People talk about being at a crossroads at certain points in their lives. But me, I think I live at the crossroads. My entire life seems to be one long debate about where I should focus my energies.

OK, it's clear some things come first: Family and beer, for example. And college football in high definition. But look at my career. Halfway through college, I nearly switched from Electrical Engineering to English. My career arc has taken me in a sort of spirograph from tech writing to programming to marketing back to programming to project management to entrepreneurship to programming to program management. And along the way, I've dabbled in writing fiction (and nonfiction) under the fantasy of some day being able to write as a career.
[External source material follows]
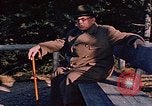 Immagine di Hitler passeggiate in campagna vicino a Berghof Germania, 1940, secondo 19 filmato di repertorio 65675048084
Back in 2000 when the dot-com bubble was expanding, I turned away from marketing (not entirely but mostly) to focus on web programming because I figured when the bubble burst, I could benefit from having established programming skills. Turns out that was a terribly prudent move. I fairly quickly got a good programming job at a bad company while many marketing people were out pounding the bricks looking for openings. And it was my database skill that hooked me up with my current company, and my web skill that got me my current job. But I find my role shifting dramatically away from programming, and now I'm very confused.

I love my job, my company, my boss, and what I do. What I do makes a difference [pdf]. But it's one of those jobs that can expand itself to take up all your waking moments and all your energy. The number of task forces and committees and boards and advisory councils and such I could join is enormous, and all of them full of interesting people doing meaningful work. And, it looks like there will be a call for that expertise in the future, and not just on the regulatory side. Plus, I get to hobnob with some pretty interesting people in some pretty high places in the corporate, nonprofit, and public sectors.

When I look ahead to my twelve-year personal plan, though, I pause. (Why 12 years, you ask? If you've ever had your youngest child in first grade, you'll understand.) In 12 years do I want to be at the top of this field, an expert among experts? Given that I'd have nearly 20 years experience in the field at that point, it's not unlikely. Or do I really want to be doing something else like living the life of an author in a mountain cabin, writing best sellers? Maybe that's unlikely, maybe not. But I know I can't have two parallel 12-year plans with such disparate outcomes. Especially when family and beer come first.

If you have advice on this question, feel free to share it in the comments.

Writing Update:
I've just fine-tuned and sent off my three short stories that recently boomeranged back to me in their SASEs. Although finding little & literary markets can be time consuming, one benefit is that you get to read a lot of good stuff in the process.

1 comment:

T L Reynolds said...

Peter,
Good luck with your stories. It is tough to go through the old-fashioned route but there are benefits, as you mentioned. This approach is well worth the wait.